On Sat, Dec 12, 2020 at 3:29 AM Jakob Heitz (jheitz)
<> wrote:
> Good point Keyur.
> A receiver may be overwhelmed for a long time and not open its TCP window to avoid
> silly window syndrome or some other reason. The receiver may still be functional
> and able to clear its backlog, albeit in a long time. Resetting such a session
> will only make the situation worse. Telling the difference between this case
> and a receiver stuck in a bug is difficult.
> Regards,
> Jakob.

Byzantine Generals again.

We ran into this problem recently. The update group behavior made a
single session's
slowness cascade to all of the others, so there was much screaming.

At a certain point, a slow neighbor is a pointless neighbor.

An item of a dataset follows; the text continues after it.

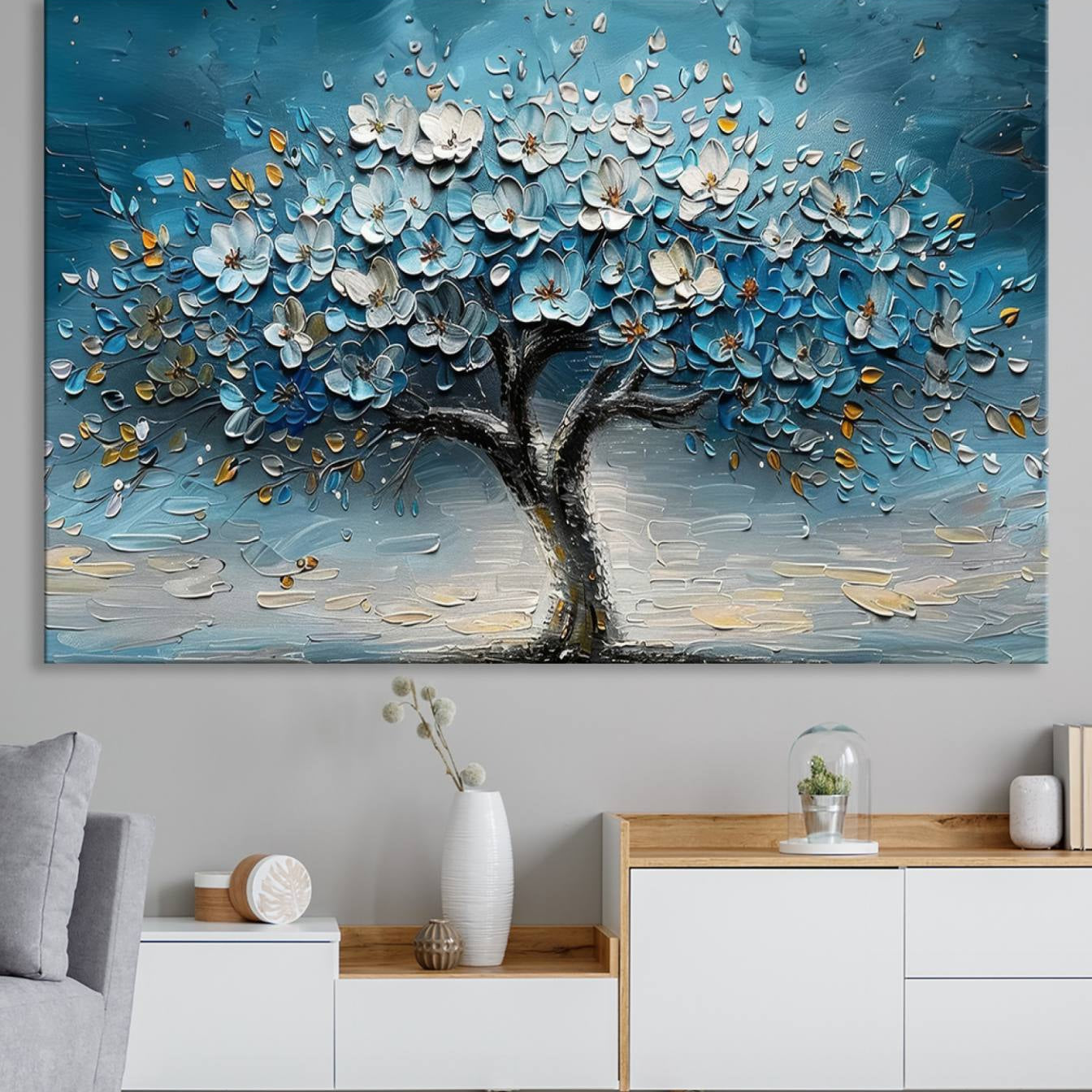 -Abstract Blooming Tree Wall Art Canvas Print - Floral Printing for Modern Home Decor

If we saw a number,
say 2 days backlog, it would be an obvious problem that requires
reset. Lower numbers
get trickier.

It seems to me that we're looking at 3 categories:

1) Normal sessions - don't kill
2) Slow sessions - don't kill yet, do the slow session things.
3) Too slow - goodbye session.

Maybe a "minimum update rate" algo that would kick off #2 and #3 is a
possibility. A bit
more flexible than just looking at queue depth or getting too deep
into other layers by
looking at buffer characteristics. I know some implementations implement #2, but
I never bothered to dig into how it works. #3 just seems like a
logical extension.

When we ran into this problem recently, the only discussion of window
size was as an affirmation
that the broken box was, in fact, the broken box. But the problem
description is always
something like "stale routes" or "routing loops" (undoubtedly because
they are stale).